• [TASK DETAILS]
Beginning at the line that includes "Cushion Pave Lab", print each remaining line of the data word for word. Output nothing else.

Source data

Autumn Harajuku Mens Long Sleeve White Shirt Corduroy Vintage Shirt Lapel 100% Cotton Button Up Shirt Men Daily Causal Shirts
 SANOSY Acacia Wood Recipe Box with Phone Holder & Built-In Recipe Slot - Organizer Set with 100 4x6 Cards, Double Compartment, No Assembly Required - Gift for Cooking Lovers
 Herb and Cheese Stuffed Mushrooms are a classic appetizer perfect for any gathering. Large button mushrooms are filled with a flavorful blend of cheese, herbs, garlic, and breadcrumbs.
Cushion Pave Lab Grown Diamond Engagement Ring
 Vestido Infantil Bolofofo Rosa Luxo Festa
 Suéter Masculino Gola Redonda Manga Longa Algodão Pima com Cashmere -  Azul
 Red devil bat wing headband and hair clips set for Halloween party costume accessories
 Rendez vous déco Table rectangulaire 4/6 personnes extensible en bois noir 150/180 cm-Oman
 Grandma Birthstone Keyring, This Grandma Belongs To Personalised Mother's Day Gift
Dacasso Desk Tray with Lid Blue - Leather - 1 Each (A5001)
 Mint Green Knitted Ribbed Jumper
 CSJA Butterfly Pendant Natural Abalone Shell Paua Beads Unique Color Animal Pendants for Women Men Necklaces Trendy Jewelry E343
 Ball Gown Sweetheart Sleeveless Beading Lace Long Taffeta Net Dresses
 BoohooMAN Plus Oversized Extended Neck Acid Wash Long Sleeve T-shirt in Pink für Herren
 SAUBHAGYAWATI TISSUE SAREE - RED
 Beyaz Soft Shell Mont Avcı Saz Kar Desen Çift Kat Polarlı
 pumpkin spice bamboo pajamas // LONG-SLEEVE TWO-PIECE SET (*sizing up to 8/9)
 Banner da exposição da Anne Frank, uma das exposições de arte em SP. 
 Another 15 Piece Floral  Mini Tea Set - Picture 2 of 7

• [TASK RESPONSE]
Cushion Pave Lab Grown Diamond Engagement Ring
 Vestido Infantil Bolofofo Rosa Luxo Festa
 Suéter Masculino Gola Redonda Manga Longa Algodão Pima com Cashmere -  Azul
 Red devil bat wing headband and hair clips set for Halloween party costume accessories
 Rendez vous déco Table rectangulaire 4/6 personnes extensible en bois noir 150/180 cm-Oman
 Grandma Birthstone Keyring, This Grandma Belongs To Personalised Mother's Day Gift
Dacasso Desk Tray with Lid Blue - Leather - 1 Each (A5001)
 Mint Green Knitted Ribbed Jumper
 CSJA Butterfly Pendant Natural Abalone Shell Paua Beads Unique Color Animal Pendants for Women Men Necklaces Trendy Jewelry E343
 Ball Gown Sweetheart Sleeveless Beading Lace Long Taffeta Net Dresses
 BoohooMAN Plus Oversized Extended Neck Acid Wash Long Sleeve T-shirt in Pink für Herren
 SAUBHAGYAWATI TISSUE SAREE - RED
 Beyaz Soft Shell Mont Avcı Saz Kar Desen Çift Kat Polarlı
 pumpkin spice bamboo pajamas // LONG-SLEEVE TWO-PIECE SET (*sizing up to 8/9)
 Banner da exposição da Anne Frank, uma das exposições de arte em SP. 
 Another 15 Piece Floral  Mini Tea Set - Picture 2 of 7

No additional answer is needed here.